What is "Merge," exactly?

I’ve been digitizing some old cassettes. It’s been going well. But there’s one where I want to copy a section of audio and paste it at the end of the track.

When I do this, a thick black vertical line shows up on the waveform at the joining point where I paste the repeated section. If I click on it, it goes away, and in the “edit” menu, I have the option to “undo merge,” implying that the clicking of the black line enacted the “merge” function.

Is this necessary? The wav file I export seems to play the same whether or not I click the black line to make it disappear.

When you paste at the end of a track (as opposed to in the middle of it), you are creating a “clip” within the track which can be manipulated separately from the audio to left of it.
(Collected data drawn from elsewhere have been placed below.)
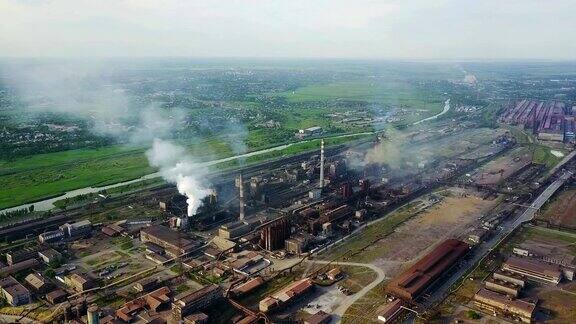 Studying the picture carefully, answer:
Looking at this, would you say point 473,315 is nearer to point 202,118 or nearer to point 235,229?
point 235,229

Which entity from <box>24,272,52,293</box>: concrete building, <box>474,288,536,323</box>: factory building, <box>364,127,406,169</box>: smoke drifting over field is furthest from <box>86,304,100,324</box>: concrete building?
<box>364,127,406,169</box>: smoke drifting over field

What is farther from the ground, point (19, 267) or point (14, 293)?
point (14, 293)

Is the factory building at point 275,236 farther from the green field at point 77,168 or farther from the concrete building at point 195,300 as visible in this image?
the green field at point 77,168

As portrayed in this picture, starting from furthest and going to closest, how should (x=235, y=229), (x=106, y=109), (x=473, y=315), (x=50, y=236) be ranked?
1. (x=106, y=109)
2. (x=235, y=229)
3. (x=50, y=236)
4. (x=473, y=315)

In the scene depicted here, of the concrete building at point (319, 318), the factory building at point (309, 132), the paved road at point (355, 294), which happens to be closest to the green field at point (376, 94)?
the factory building at point (309, 132)

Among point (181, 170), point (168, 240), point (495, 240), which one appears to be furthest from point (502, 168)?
point (168, 240)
For example you could drag the clip to right to create space to left of it, or double-click in it to select all of it but not any audio or space to side of the clip.

The boundary of the clip with other audio is marked by a black vertical split line. “Merge” removes the split line and joins the two clips into one.
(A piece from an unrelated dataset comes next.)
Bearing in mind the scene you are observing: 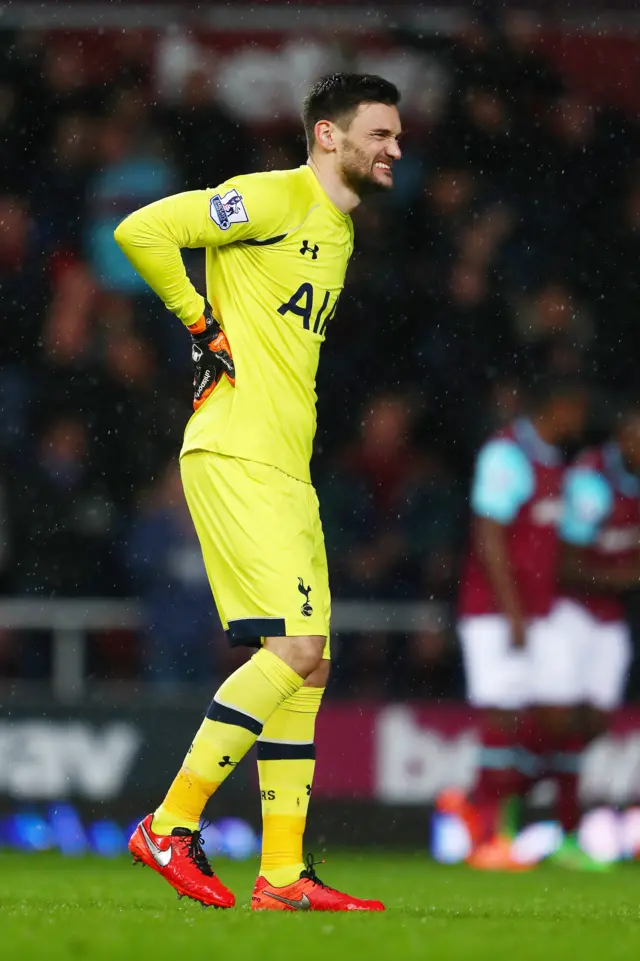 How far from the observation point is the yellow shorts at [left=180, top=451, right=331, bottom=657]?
5.26 metres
Please see this link for more details http://manual.audacityteam.org/o/man/audacity_tracks_and_clips.html .


Gale

Thank you. When you say “as opposed to the middle of it,” how would that be different? I ask because I may end up moving the end of the recording to the middle of it, rather than moving a middle part to the end. And am I correct in assuming that the exported wav is the same regardless if I make the black merge lines disappear or not?

Because pasting in the middle of a track does not create a separate clip, hence there are no black vertical split lines. But if you paste at the end of a track, that paste is regarded as a separate clip and that clip’s border with the existing audio is then shown by a split line.

Yes, the same. Exporting or any render operation (see Tracks > Mix and Render) merges the audio into one piece. Any white space between clips is rendered as silence. Many of the effects underneath the divider in the Effect menu also render white space as silence, but that is a bug rather than a feature.


Gale

Though it is possible to paste in the middle of a track as a separate audio clip if you want to.
If you have copied some audio, click in the middle of a track and paste, the pasted audio will not be separate - it will be part of the same audio clip (no split line), but;
If you click in the middle of a track and then press Ctrl+i (which creates a split line) and then paste, it will be a separate audio clip (split lines at the start and end of the pasted audio).

There’s also a “join” option at the Edit dropdown, (2.0.3), under the “cut” or “delete” (don’t have the Program open right now) that does the same thing. The whole track is highlighted, then the black separation lines disappear.